Tuesday, November 11, 2014

Remembering Great-Uncle Fred

Frederic Mason Ridley was born in Lucknow, India in 1890 to thoroughly British parents Matthew Ridley (employed as Superintendent of Parks and Gardens) and his wife Lucy (nee Hodgson).  In those days it was common practice for children of the Empire age 5 and up to attend boarding schools in England. Fred and his seven siblings were sent off to Dunheved College in Launceston, Cornwall, and somehow coped with prolonged separation from parents, lengthy train trips and rough sea voyages, bouts of homesickness and anxiety that were considered necessary parts of growing up as British colonial subjects.

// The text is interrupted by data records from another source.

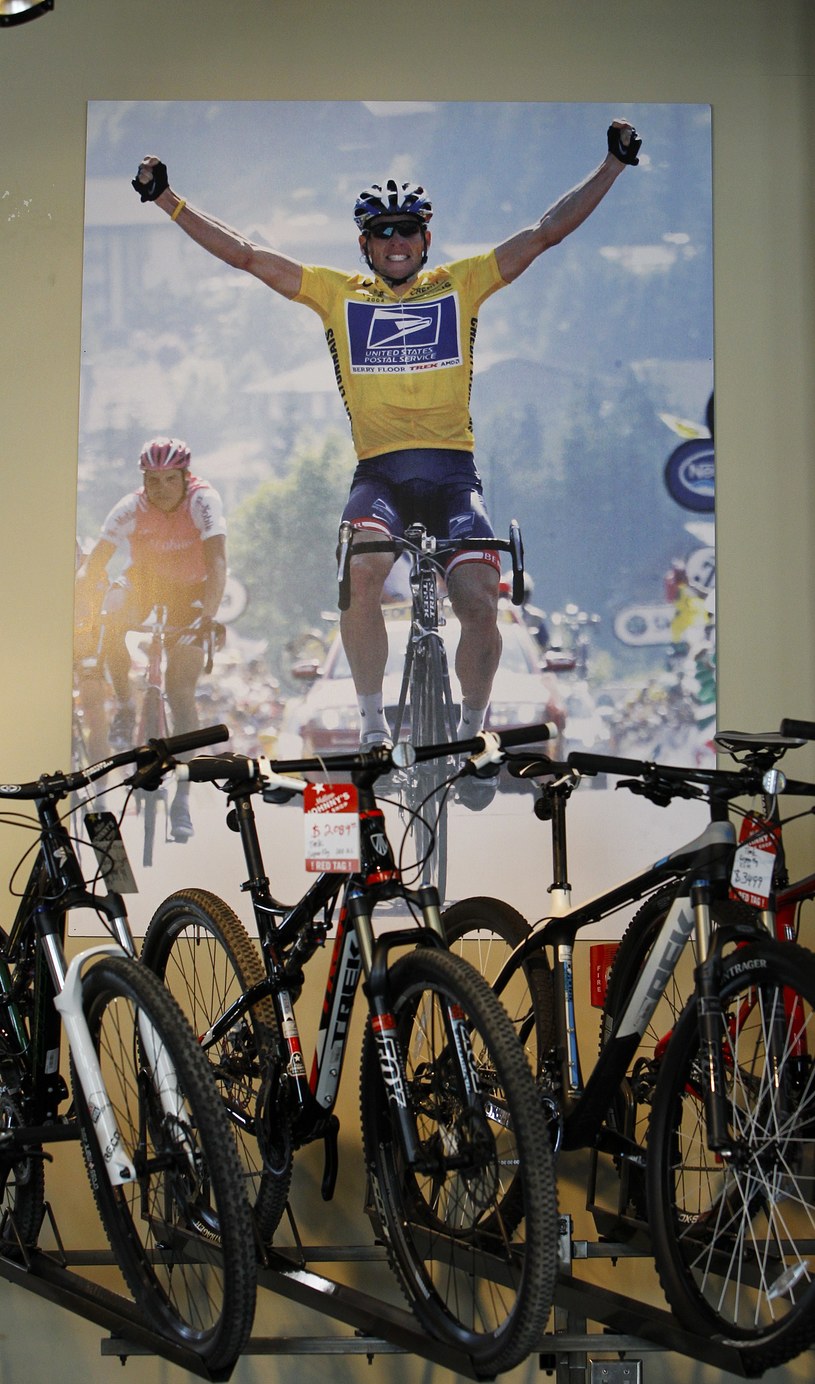 Mimo uidziału w aferze dopingowej Lance Armstrong ma też pozytywne oblicznie. Głównie dzięki zaangażowaniu w walkę z rakiem. /AFP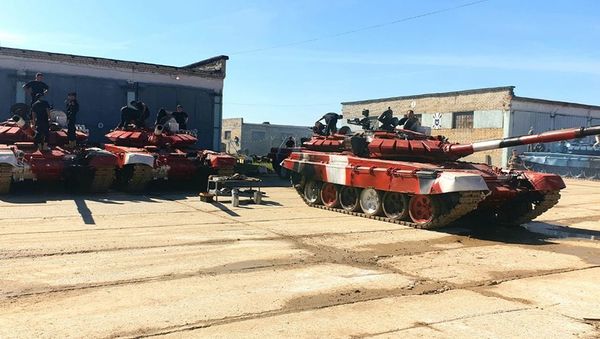Азербайджанские танкисты, участвующие в конкурсе Танковый биатлон приняли боевые машины - Sputnik Азербайджан
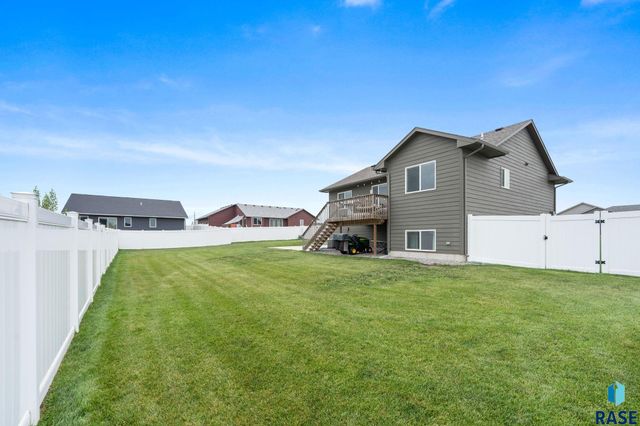 503 Miah St Street, Harrisburg, SD 57032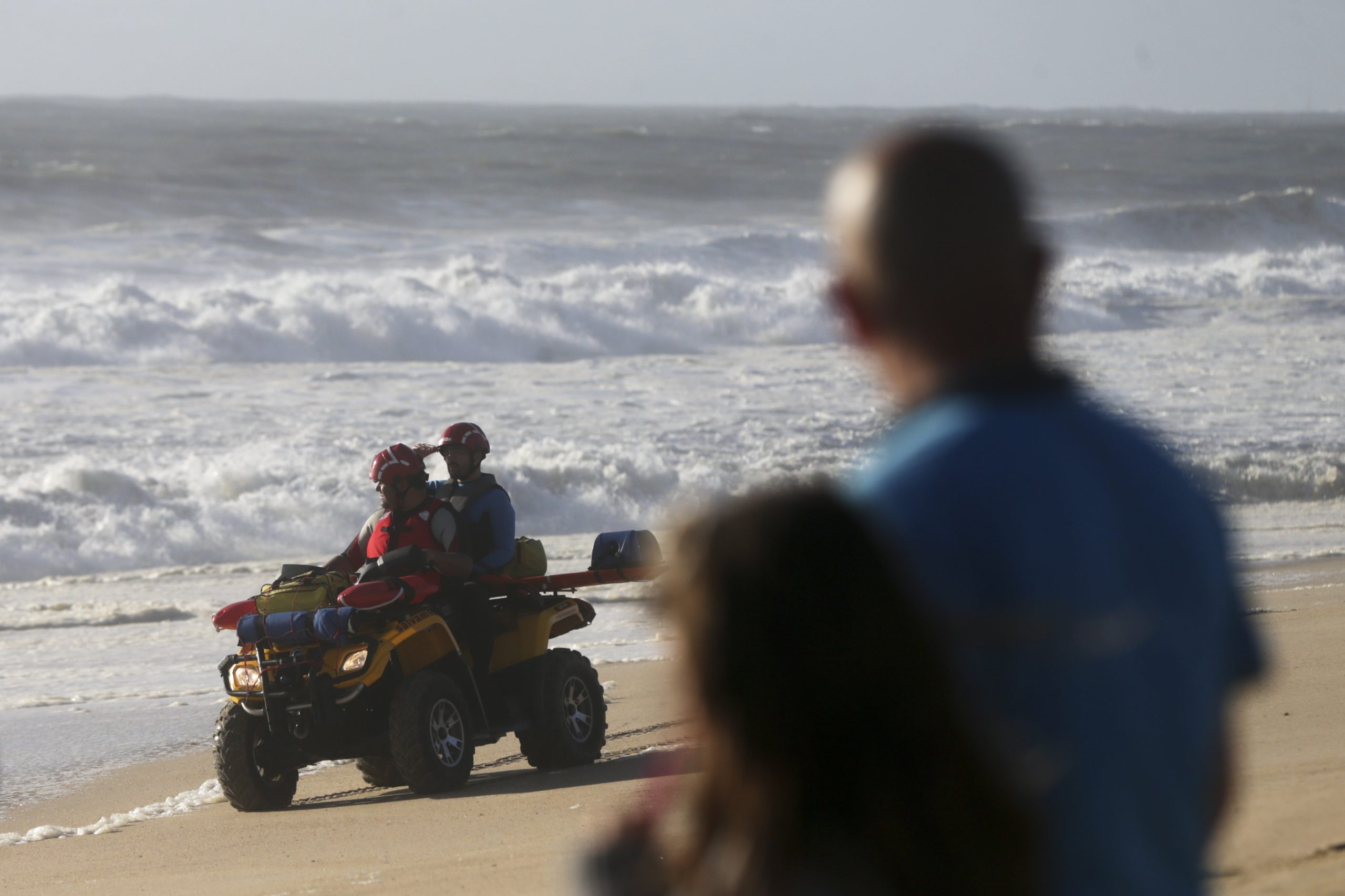 Covid-19: Polícia Marítima percorre praias do Norte a apelar às pessoas a irem para casa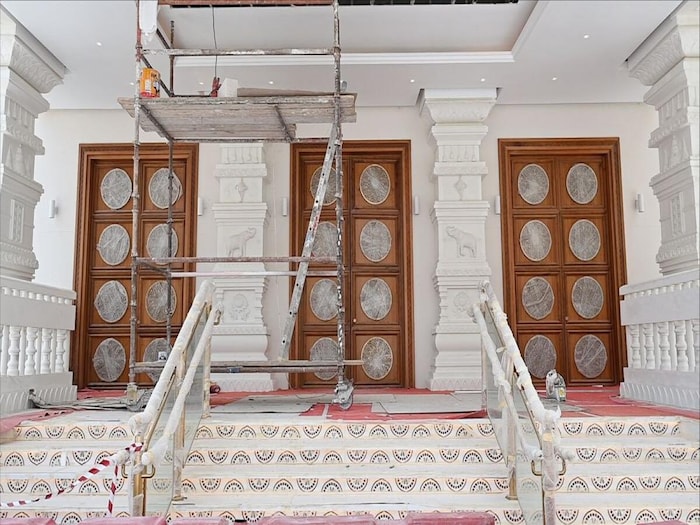 दुबईचं हे मंदिर सकाळी साडेसहा वाजता उघडतं आणि रात्री साडेआठ पर्यंत दर्शनासाठी खुलं असतं. ऑक्टोबर महिन्याच्या अखेरपर्यंतची बहुतेक बुकिंग आधीच झाली आहेत. ऑक्टोबर महिन्यापर्यंतच बुकिंग करून मंदिरात प्रवेश दिला जाईल. ऑक्टोबरनंतर भक्तांना मंदिर उघडल्यानंतर कधीही दर्शनाचा लाभ घेता येणार आहे. (फोटो- twitter.com/HSajwanization)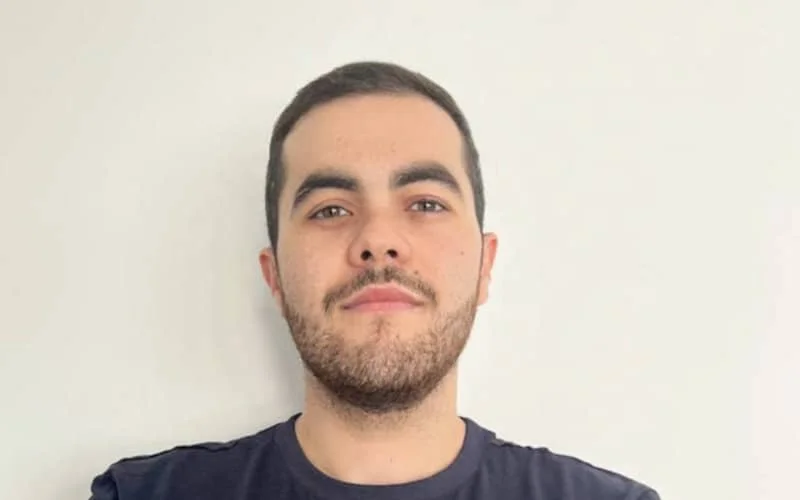 Hicham legde ondanks zeldzame ziekte ongelofelijk traject af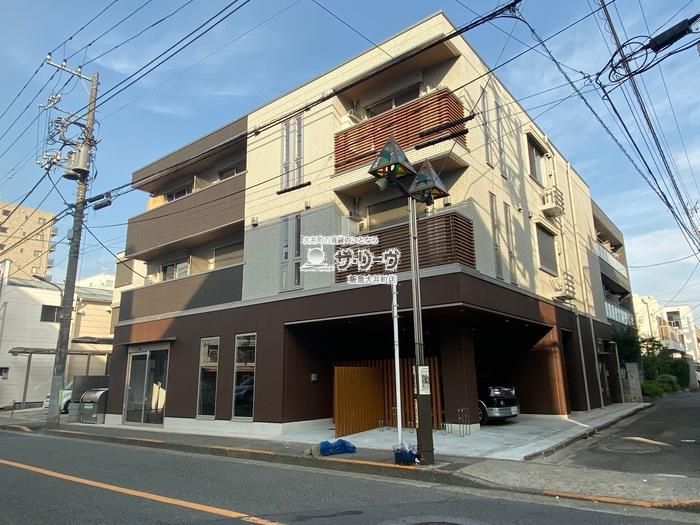 Eminence�r�� 203 �����O��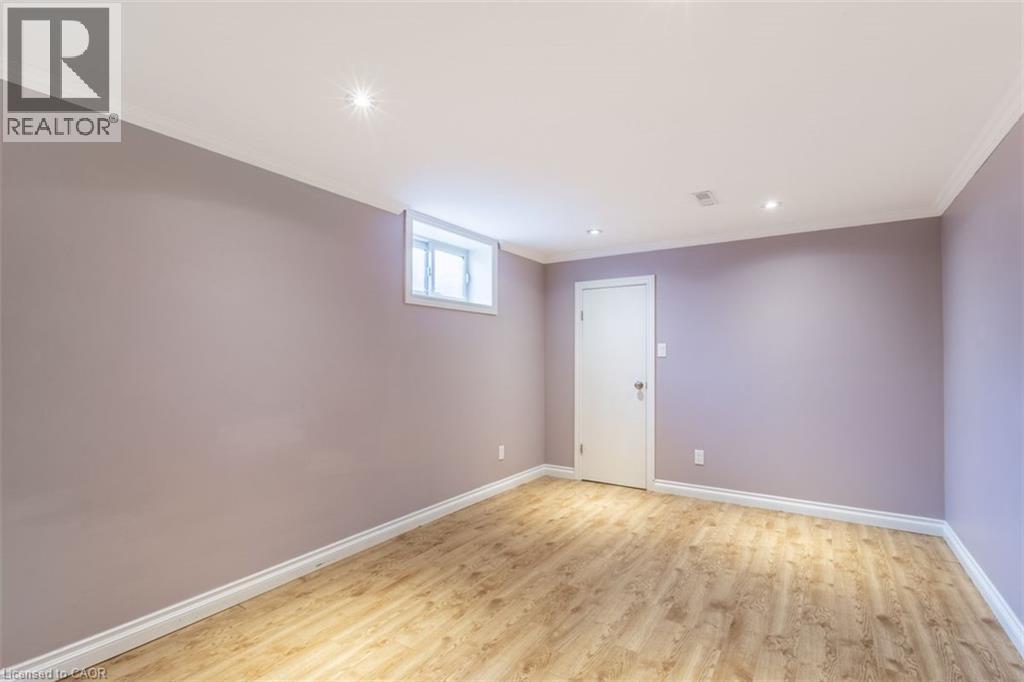 2142 Parkway Drive Unit# Lower Property Photo 18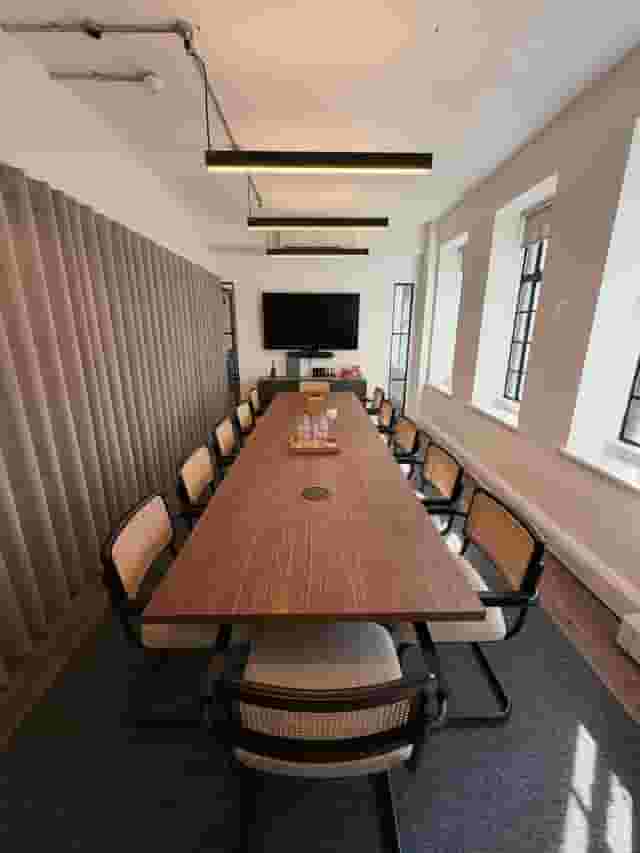 Stamford Boardroom (12-person)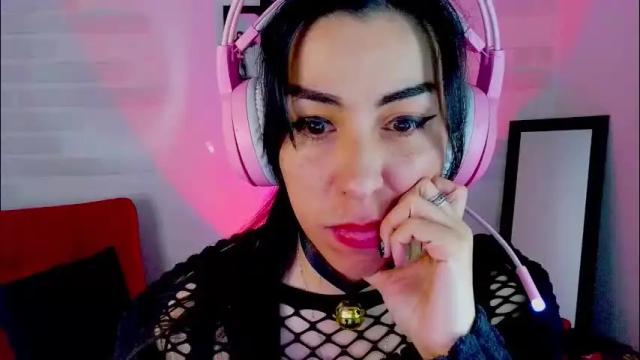 Image 3 of sky_girl1 Stream on Chaturbate on 10 days ago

They became good letter-writers.  Living outside of India during the formative years was thought to be better in the long run; to ensure good physical health, a decent education, solid moral values and an elevated social status.  A set of strict Victorian guidelines clearly divided the privileged Britons (us) from the Indian population (them) and good parenting meant instilling a sense of superiority in young minds.

"If children were educated in India they were deemed likely to acquire cultural traits such as a "chi-chi" accent that increased their resemblance to mixed-race persons.  Furthermore, boys later found themselves ineligible for the higher sectors of state and commercial employment for which examinations in Britain were long crucial criteria for entry..."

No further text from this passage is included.